If you have created some custom rules for your zone in the Cloudflare WAF, you can easily see the IP addresses and URI paths which have triggered those rules by simply selecting the rule from the Cloudflare dashboard. A key limitation, however, is that for free plans the data is only retained by Cloudflare for 24 hours, for the Pro or Business plans, 72 hours, and on an Enterprise plan, 30 days.
Many SecOps security professionals would like the ability to retain & analyze this data for an even longer period, to quantitatively determine trends, such as how often specific countries or ASNs are triggering their firewall rules and what types of attacks they might be attempting (brute force, XSS, SQL injection, etc.). Also, if your cybersecurity team pursues reporting abusive activity to the respective attackers’ network abuse contacts, retaining this data to illustrate a pattern of abuse can be helpful in substantiating your reports.
Fortunately, Cloudflare has a robust GraphQL API, which supports programmatically retrieving firewall events for your custom rules. It returns the data in a structured JSON format, which can be easily parsed by a Node.js function, and stored in a data warehouse such as Google BigQuery. Because the function only needs to run at scheduled time intervals (e.g. once every hour) to get the data from Cloudflare, and for the fact that we are using BigQuery to permanently store the data, the most elegant solution is to deploy the code as a Google Cloud Run Function.

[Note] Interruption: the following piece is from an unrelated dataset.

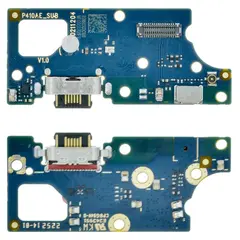 MR3_122552 Нижня плата motorola xt2229-2 moto e32s, e22s, xt2231 moto g22 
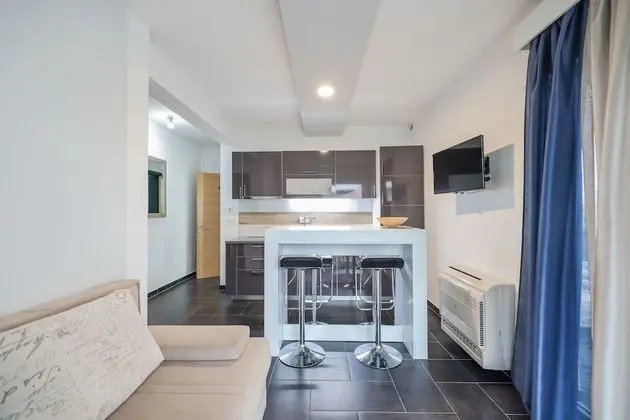 Apart Daire, 2 Yatak Odası (1)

Create a Custom Rule in the Cloudflare WAF
This example assumes that you already have a custom rule already in place in the Cloudflare WAF. For instance, you might have a rule named “Restricted Areas” which blocks any other IPs except for your authorized IPs from accessing the admin areas of your web application. In conjunction with authenticated origin pulls that causes your origin server to reject any requests other than from the Cloudflare reverse proxy, this is effective at blocking malicious traffic from attempting to brute force your login pages or exploit web application vulnerabilities.
For a WordPress website, the firewall rule expression might be something like:
(http.request.uri.path contains "/wp-login" and ip.src ne 152.67.XXX.XXX and ip.src ne 104.196.XXX.XXX) or (http.request.uri.path contains "/wp-admin" and not http.request.uri.path contains "/wp-admin/admin-post.php" and not http.request.uri.path contains "/wp-admin/admin-ajax.php" and ip.src ne 152.67.XXX.XXX and ip.src ne 104.196.XXX.XXX)
Select the action from “Block” from the dropdown, then click the “Deploy” button to propagate the rule.
Record the rule’s ruleset ID and zone ID
Select the rule from the Custom Rules list by clicking on the Name of the rule you just created. Take note of the string after the first forward slash (the ruleset ID) and after the last forward slash (the rule ID). You will require these later to query the GraphQL API for firewall events which triggered this rule.
https://dash.cloudflare.com/2a9cf95XXXXXXXXXXXXXXXXXXXXXXXXX/example.com/security/waf/custom-rules/7db4d36XXXXXXXXXXXXXXXXXXXXXXXXX
Generate a Cloudflare API token with appropriate permissions
From the Overview page of the Cloudflare dashboard for the zone, navigate to User API Tokens to create a Cloudflare API access token. The token requires the Zone WAF:Edit, Zone WAF:Read, Logs:Read, Firewall Services:Edit, Firewall Services:Read, Analytics:Read permissions.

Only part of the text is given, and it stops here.